STC 61/2003, de 24 de marzo de 2003

La Sala Segunda del Tribunal Constitucional, compuesta por don Tomás S. Vives Antón, Presidente, don Pablo Cachón Villar, don Vicente Conde Martín de Hijas, don Guillermo Jiménez Sánchez, doña Elisa Pérez Vera y don Eugeni Gay Montalvo, Magistrados, ha pronunciado

EN NOMBRE DEL REY

la siguiente

S E N T E N C I A

En el recurso de amparo núm. 3114-2002, interpuesto por don Hans Dynesen, representado por la Procuradora doña Lourdes Fernández de Luna y Tamayo y asistido por el Letrado don José Luis Martínez Hens, contra el Auto del Juzgado de Primera Instancia e Instrucción núm. 2 de Fuengirola, de fecha 14 de mayo de 2002, por el que se deniega la solicitud de incoación del procedimiento de habeas corpus. Ha intervenido el Ministerio Fiscal y ha sido Ponente el Magistrado don Pablo Cachón Villar, quien expresa el parecer de la Sala.

I. Antecedentes

1. Mediante escrito presentado en este Tribunal el 17 de mayo de 2002 doña Lourdes Fernández de Luna y Tamayo, Procuradora de los Tribunales y de don Hans Dynesen, quien se encuentra asistido por el Letrado don José Luis Martínez Hens, formuló demanda de amparo constitucional contra la resolución judicial de la que se hace mérito en el encabezamiento.

2. Sucintamente expuestos, son hechos relevantes para la resolución del caso los que a continuación se relatan:

a) El ahora demandante de amparo ingresó a las 18:30 horas del día 14 de mayo de 2002 en el centro de detenidos de la policía local de Fuengirola, como presunto autor de un delito contra la seguridad del tráfico.
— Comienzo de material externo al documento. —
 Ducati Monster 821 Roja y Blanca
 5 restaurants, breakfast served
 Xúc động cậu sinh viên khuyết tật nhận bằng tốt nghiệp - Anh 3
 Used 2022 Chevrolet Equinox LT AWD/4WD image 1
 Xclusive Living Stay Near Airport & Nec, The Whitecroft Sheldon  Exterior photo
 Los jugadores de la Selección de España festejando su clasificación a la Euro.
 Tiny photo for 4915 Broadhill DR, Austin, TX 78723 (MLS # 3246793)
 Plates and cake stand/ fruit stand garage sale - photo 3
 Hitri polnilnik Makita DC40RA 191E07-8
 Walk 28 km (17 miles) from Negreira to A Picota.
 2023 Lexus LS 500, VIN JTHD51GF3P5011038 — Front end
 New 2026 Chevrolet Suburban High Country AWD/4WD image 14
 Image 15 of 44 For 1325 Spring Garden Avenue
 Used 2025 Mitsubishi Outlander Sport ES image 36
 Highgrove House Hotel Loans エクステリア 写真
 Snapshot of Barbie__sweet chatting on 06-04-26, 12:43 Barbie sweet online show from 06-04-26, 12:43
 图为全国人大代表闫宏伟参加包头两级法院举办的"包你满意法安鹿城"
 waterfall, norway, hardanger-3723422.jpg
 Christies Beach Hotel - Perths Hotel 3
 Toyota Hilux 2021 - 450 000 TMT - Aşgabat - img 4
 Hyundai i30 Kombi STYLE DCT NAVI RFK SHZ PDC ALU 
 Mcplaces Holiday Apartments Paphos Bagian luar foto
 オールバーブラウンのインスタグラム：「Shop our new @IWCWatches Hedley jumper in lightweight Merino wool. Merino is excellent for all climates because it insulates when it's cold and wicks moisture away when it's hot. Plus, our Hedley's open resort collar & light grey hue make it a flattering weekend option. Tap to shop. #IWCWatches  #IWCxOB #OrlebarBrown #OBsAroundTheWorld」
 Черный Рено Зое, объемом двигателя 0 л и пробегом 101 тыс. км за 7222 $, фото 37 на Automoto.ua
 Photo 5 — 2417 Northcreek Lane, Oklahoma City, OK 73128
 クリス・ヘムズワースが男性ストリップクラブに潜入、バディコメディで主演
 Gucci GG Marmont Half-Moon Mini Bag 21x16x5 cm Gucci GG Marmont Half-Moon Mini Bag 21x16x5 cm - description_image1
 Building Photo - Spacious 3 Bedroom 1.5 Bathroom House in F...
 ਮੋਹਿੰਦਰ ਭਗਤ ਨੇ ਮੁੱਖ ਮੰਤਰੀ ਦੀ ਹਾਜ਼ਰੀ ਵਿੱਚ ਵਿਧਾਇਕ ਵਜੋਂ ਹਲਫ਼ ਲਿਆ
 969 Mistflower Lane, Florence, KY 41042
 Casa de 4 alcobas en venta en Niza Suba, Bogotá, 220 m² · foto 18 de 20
b) En esa misma fecha, sobre las veinte horas, don José Luis Martínez Hens, Abogado de don Hans Dynesen, actuando en su nombre y representación, solicitó del Juzgado de Primera Instancia e Instrucción núm. 2 de Fuengirola, en funciones de guardia, la incoación del procedimiento de habeas corpus. Acompañaba al efecto copia del poder general para pleitos otorgado por don Hans Dynesen a su favor el 17 de enero de 1999 ante el Primer Secretario de la Embajada de España en Copenhague (Dinamarca), en funciones notariales.

c) Se dio traslado de la petición al Ministerio Fiscal, que emitió el siguiente informe: “Que examinada la petición de Habeas Corpus, se opone a la incoación de dicho procedimiento, toda vez que el peticionario carece de legitimación activa con arreglo al art. 3 de la Ley Orgánica 6/1984, de 24 de mayo, reguladora del procedimiento de Habeas Corpus”.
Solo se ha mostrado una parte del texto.